Background

Current tissue engineering paradigm

Despite the compelling clinical need to regenerate damaged tissues/organs, the impressive advances in the field of tissue engineering have yet to result in viable engineered tissue products with widespread therapeutic adoption. Manufacturing-related issues, including regulatory compliance, standardisation, up-scaling, and cost-effectiveness, have been proposed as central challenges to be addressed for the commercial success of a cell-based engineered product. In fact, the central bioprocesses for engineering cell-based grafts have traditionally been, and continue to be, based on conventional manual bench-top techniques, which due to the large number of manual and labour-intensive manipulations required, possess inherent risks of contamination, potential high intra- and inter-operator variability, limited scale-up opportunity, and high manufacturing costs in the long-term.

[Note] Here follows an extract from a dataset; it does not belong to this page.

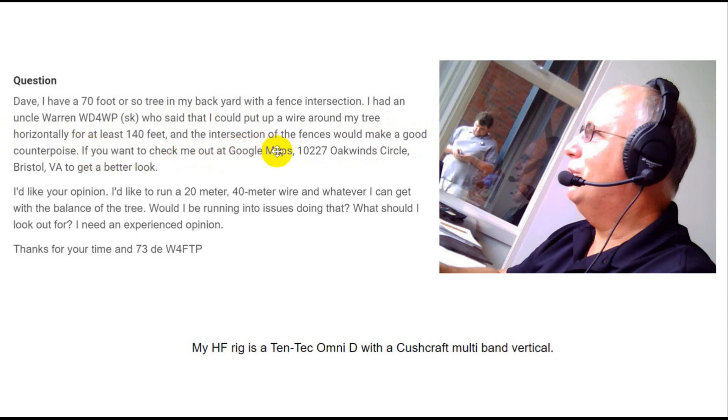He invited us to check out his property on Google Maps, and we're going to take a look. He'd like to run a 20-meter, 40-meter wire, and whatever he can get with the balance of the tree. He asks whether he'd be running into issues doing that, and what to look out for — well, for one thing, there are a bunch of power lines. He requests an experienced opinion. Thank you for your time and 73.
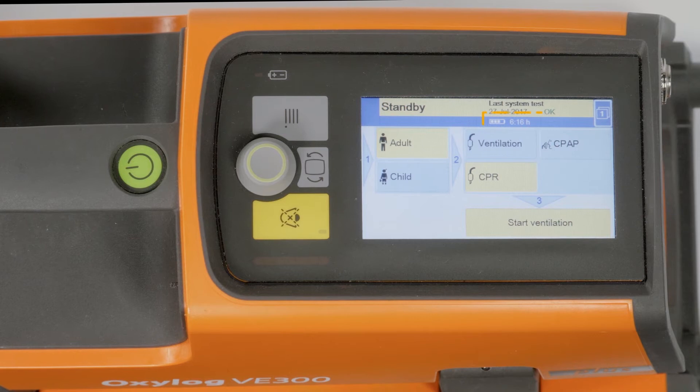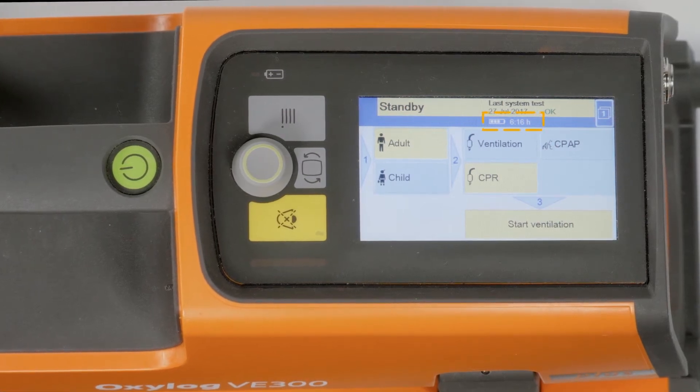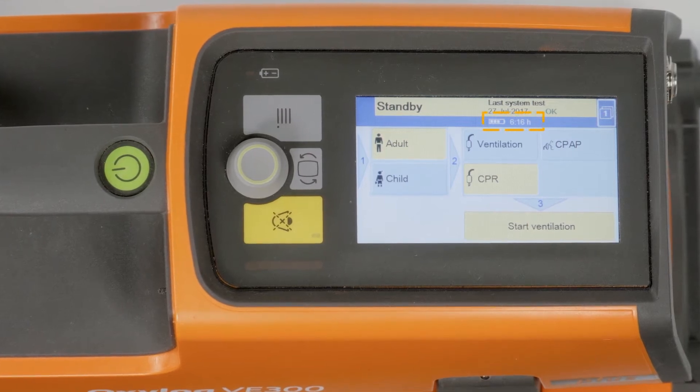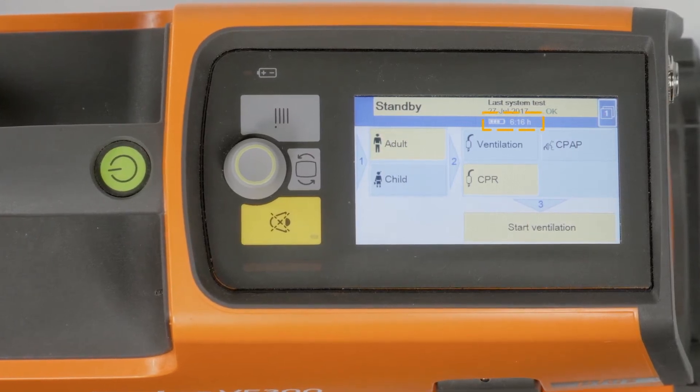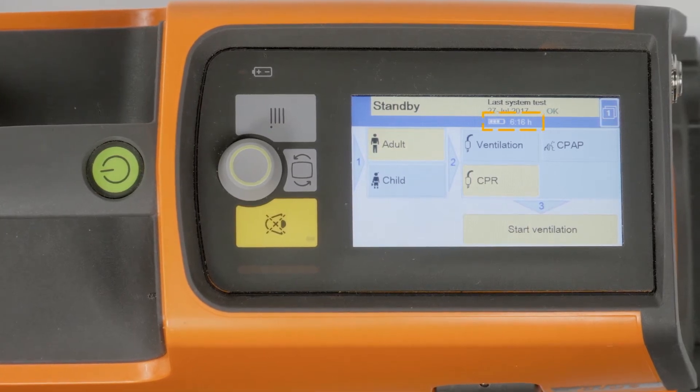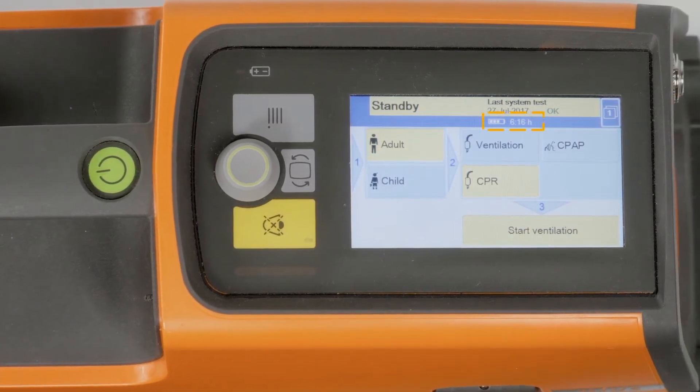When the device is switched on, the remaining battery charge is displayed in the header bar below the oxygen mode as a symbol in increments of 25%. In addition, the remaining duration of operation in hours and minutes is displayed. The numeric display appears on start-up after a short delay.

The BIO-COMET concept is for bioreactor-based manufacture of tissue grafts. Bioreactors have the potential to overcome the current limitations by:

  • providing a controlled physico-chemical culture environment, which tightly regulates the bioprocesses, minimising process and product variability;
  • including monitoring and data management systems which offer a high level of traceability and increased compliance to regulatory guidelines;
  • introducing automation which facilitates safe and standardised production methods and maximises prospective scale-up and cost-effectiveness in the long-term.

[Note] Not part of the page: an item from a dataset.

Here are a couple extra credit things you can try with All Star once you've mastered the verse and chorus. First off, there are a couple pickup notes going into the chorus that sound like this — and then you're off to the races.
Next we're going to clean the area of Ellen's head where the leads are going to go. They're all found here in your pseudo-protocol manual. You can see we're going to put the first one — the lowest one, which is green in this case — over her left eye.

Cell therapy for cartilage repair

While there are a variety of causes of degenerative joint diseases, such as osteoarthritis in an ageing population, the onset of degeneration in nearly half of the cases has been associated with prior injuries to articular cartilage that have gone untreated. Autologous chondrocyte implantation (ACI), which is based on the injection of a suspension of chondrocytes into a cartilage defect, has been well-established in the clinic for the repair of cartilage injuries for nearly two decades. Although good clinical results are generally reported in short-term follow-up, the technique generates a repair tissue with inferior mechanical properties as compared to healthy cartilage, jeopardising a durable repair in the long-term.

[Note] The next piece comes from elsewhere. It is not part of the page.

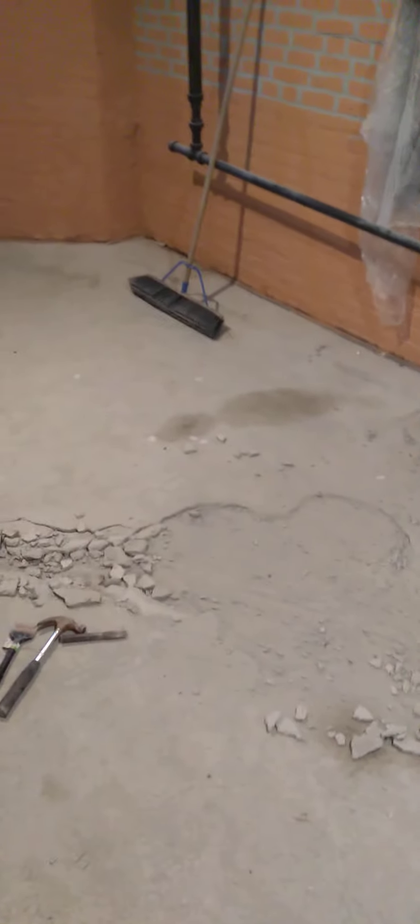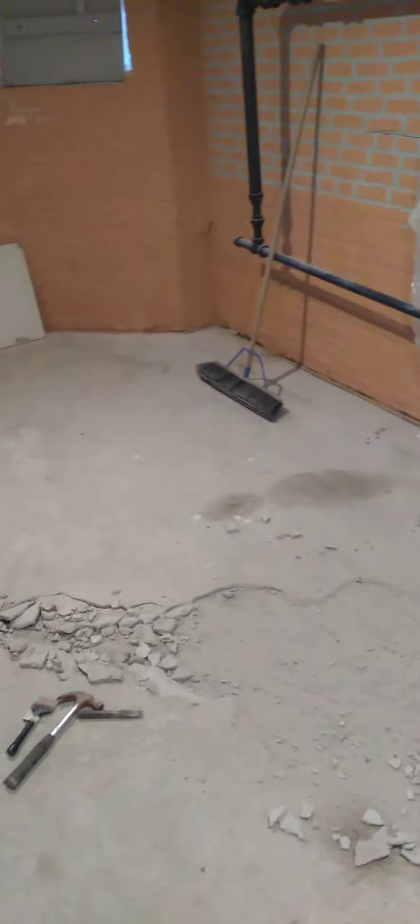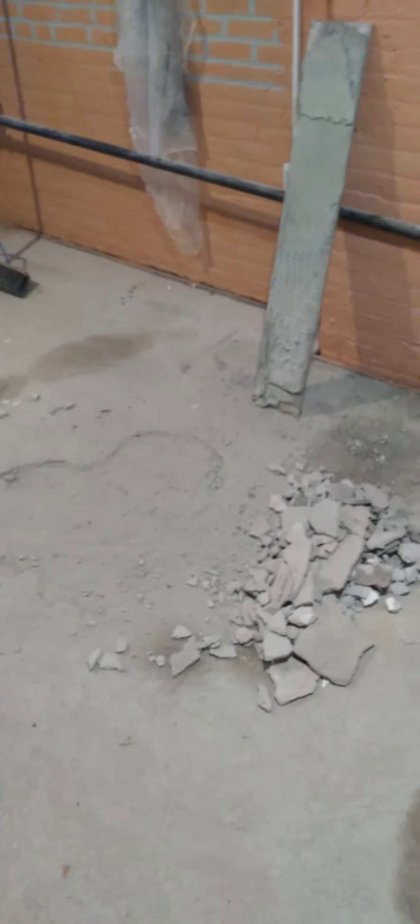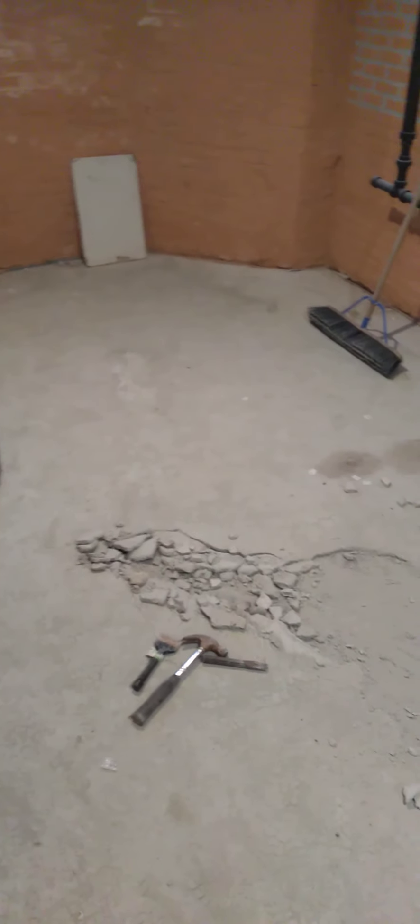Good afternoon YouTube, ladies and gentlemen, how are you guys doing today? I came into a little dilemma — I was trying to lay some tile on my floor, and due to the installer laying my concrete down incorrectly, which I learned later on, the tile will not stick to the floor. My concrete did not bond or cure correctly to the subfloor and I have to rip it up.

As an alternative, a three-dimensional cartilage tissue graft, engineered in vitro to possess functional properties (i.e. to biochemically and mechanically mimic native cartilage), could reduce the initial rehabilitation time and result in a more durable repair in the long-term. The tools, technologies, and devices developed within BIO-COMET will enable the production of standardised functional cartilage grafts, and their assessment in pre-clinical and clinical models.